The last few days I’ve been working like a dog on comics. The superficial reason is to get ahead for my trip to Jonesboro. The deeper reason is I’m remembering who I am. Twenty one years ago I decided I was going to be a comic book artist. Thirteen years ago I decided I was going to actually do something about it and started doing Kota’s World. A week ago I decided I was going to work like a mad man and try to live the dream. Maybe there’s no money in it, but it keeps me sane and makes me feel special.
On some level, this makes my life terribly simple. I know what I want to be, I know what I’m capable of, and I know my purpose. I was given that purpose in a very odd way, but I have it. I know I’m on the right path despite setbacks and the machinations of the world’s people. Whatever troubles I may have in my mind and no matter the doubts, I know what I’m doing on some level. It’s just a matter of getting there and getting on that road.

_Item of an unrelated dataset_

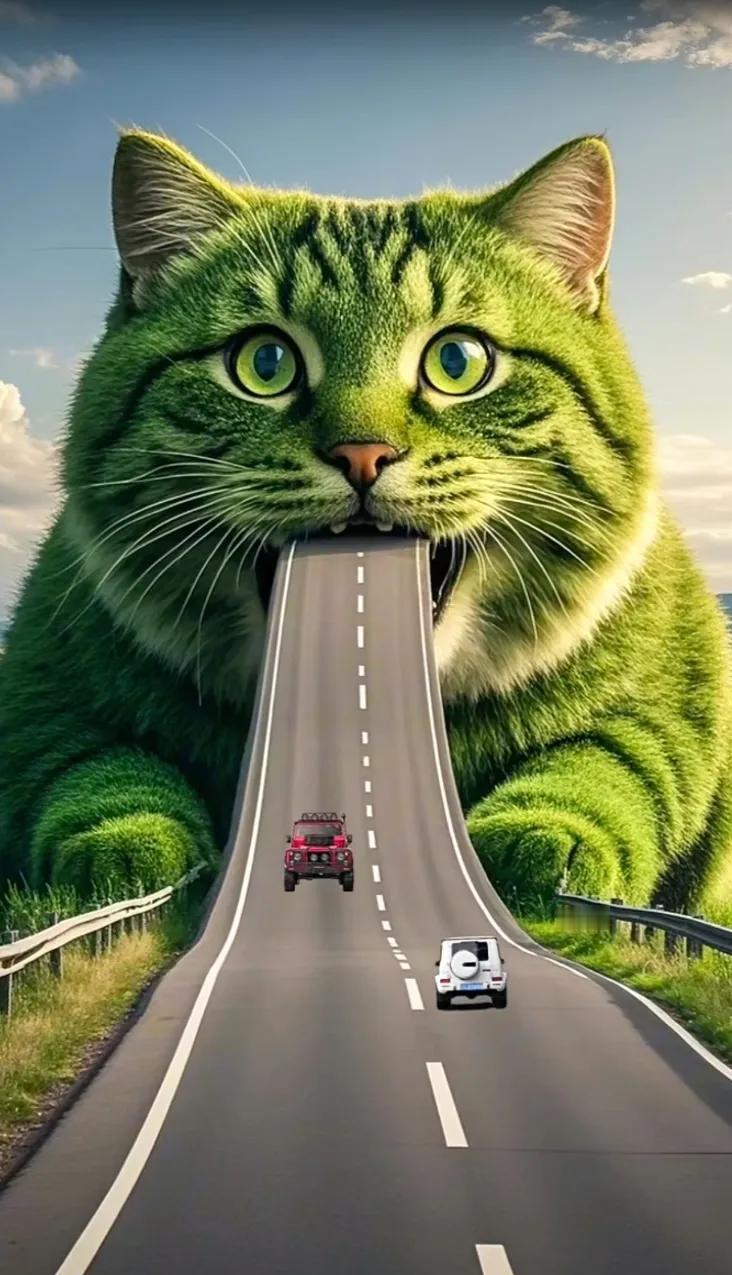 “绿猫公路奇遇记，萌趣横生！”🐱🚗🌳#可爱猫隧道# #好神奇的小猫# #萌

I also find that things go better all around when I just concentrate on my work like this. It shows in the story and the art and people appreciate it. During the dark times, when I’m lamenting my place in the world, the art and story suffer. When I just shut up, enjoy the work and get it done my life seems to synch up like an ipod with a mac.
Ok. That is by far the worst metaphor I’ve ever used and I’m going to close right now before I come up with something far worse.